##### Data for the task

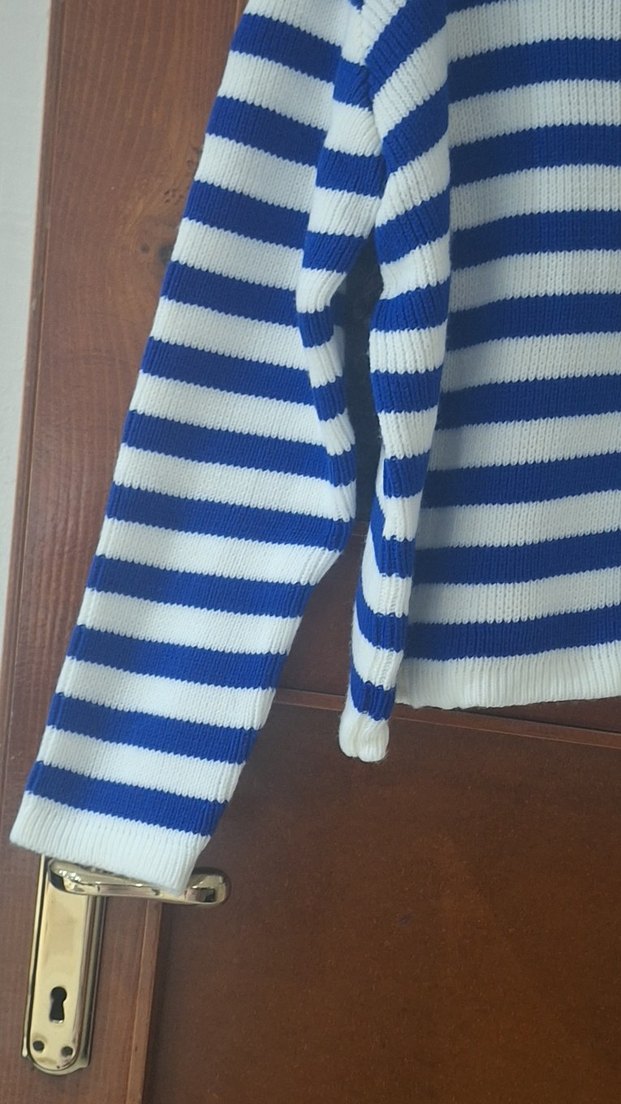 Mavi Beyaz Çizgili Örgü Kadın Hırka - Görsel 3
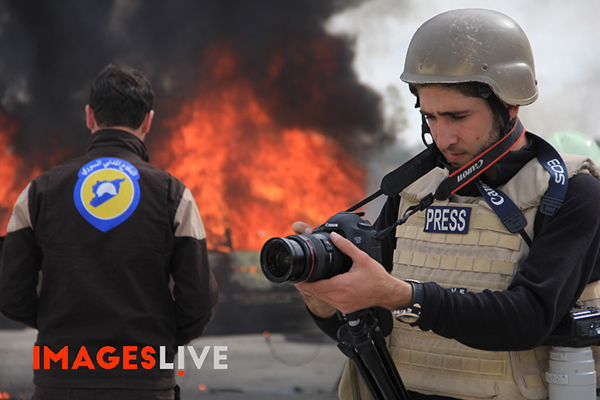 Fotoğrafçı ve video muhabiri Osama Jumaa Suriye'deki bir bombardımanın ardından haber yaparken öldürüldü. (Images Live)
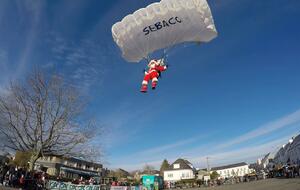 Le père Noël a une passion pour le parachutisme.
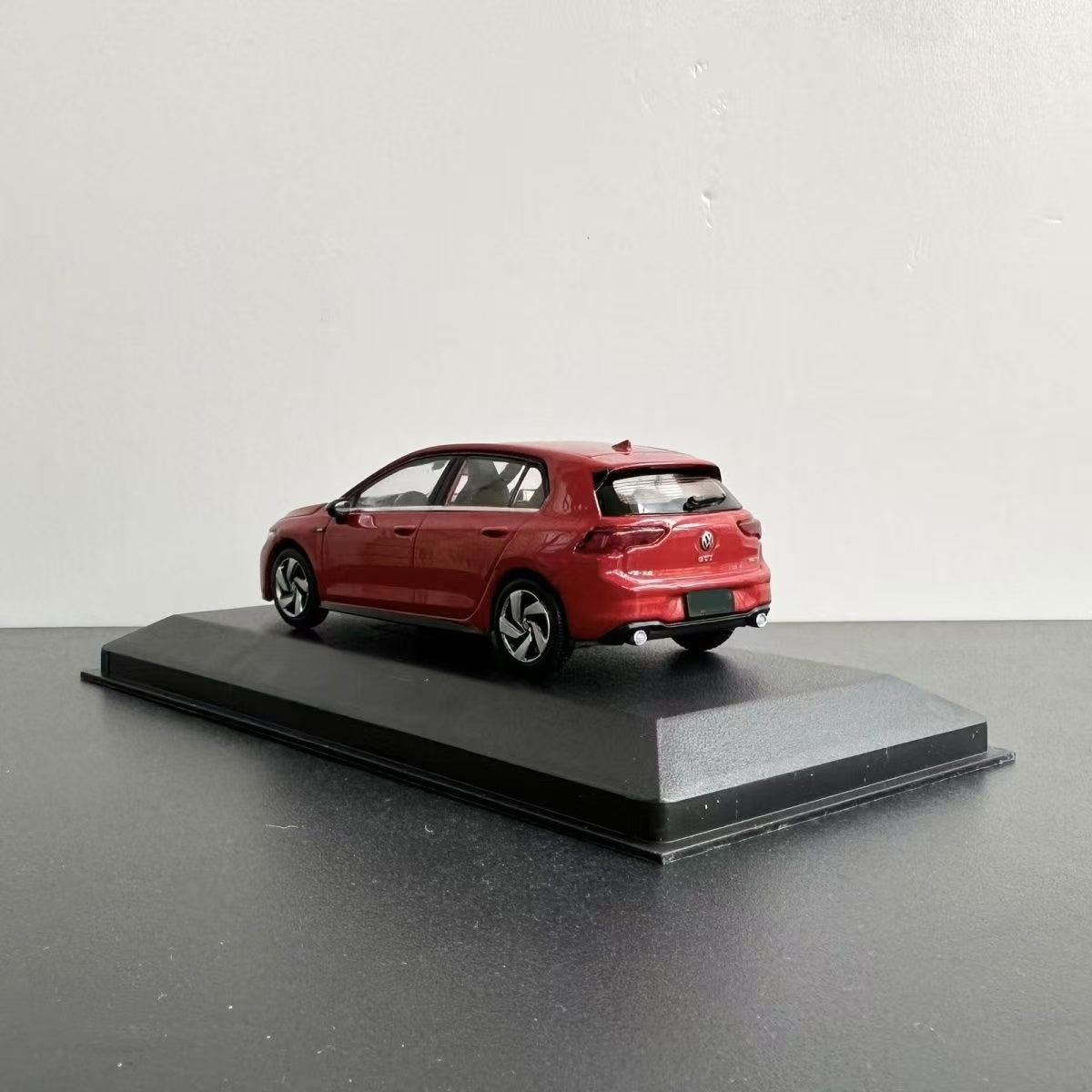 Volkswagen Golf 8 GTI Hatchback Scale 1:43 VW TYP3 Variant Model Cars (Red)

##########
##### Data for the task

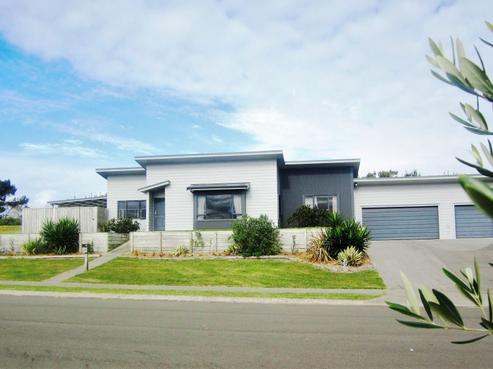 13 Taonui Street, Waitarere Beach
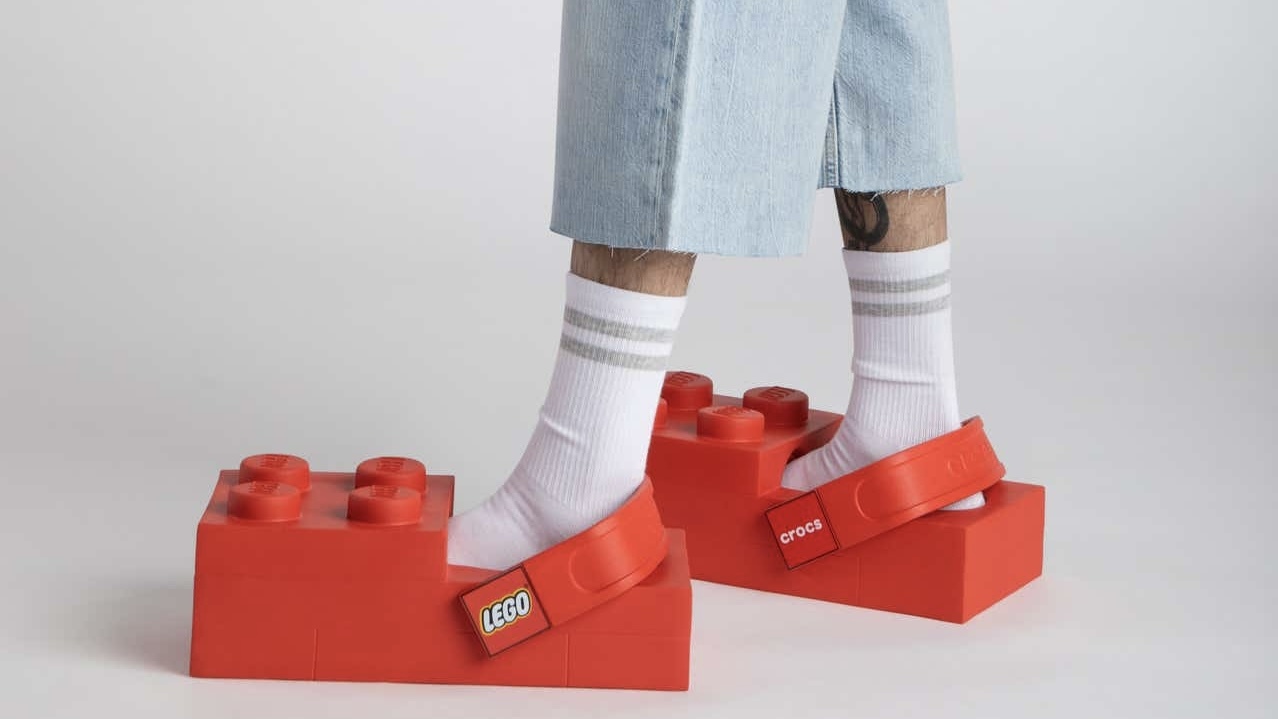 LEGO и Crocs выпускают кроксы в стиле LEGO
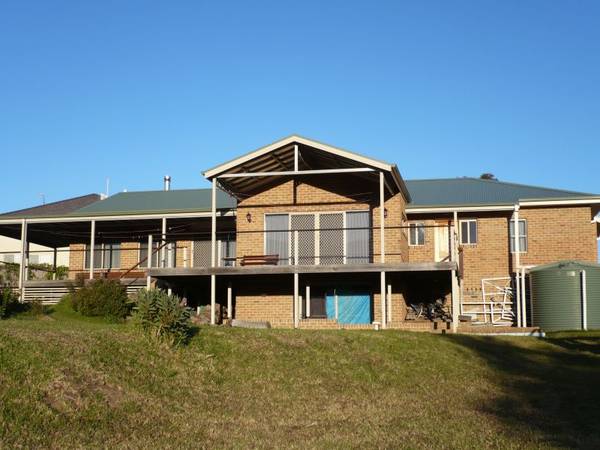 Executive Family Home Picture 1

##########

→ Task requirements
Only the lines of the listing above from the one with "Mavi Beyaz Çizgili" through the one with "Volkswagen Golf 8" should be output, exactly, with both ends kept and pictures left out.

→ Answer to this exercise
 Mavi Beyaz Çizgili Örgü Kadın Hırka - Görsel 3
 Fotoğrafçı ve video muhabiri Osama Jumaa Suriye'deki bir bombardımanın ardından haber yaparken öldürüldü. (Images Live)
 Le père Noël a une passion pour le parachutisme.
 Volkswagen Golf 8 GTI Hatchback Scale 1:43 VW TYP3 Variant Model Cars (Red)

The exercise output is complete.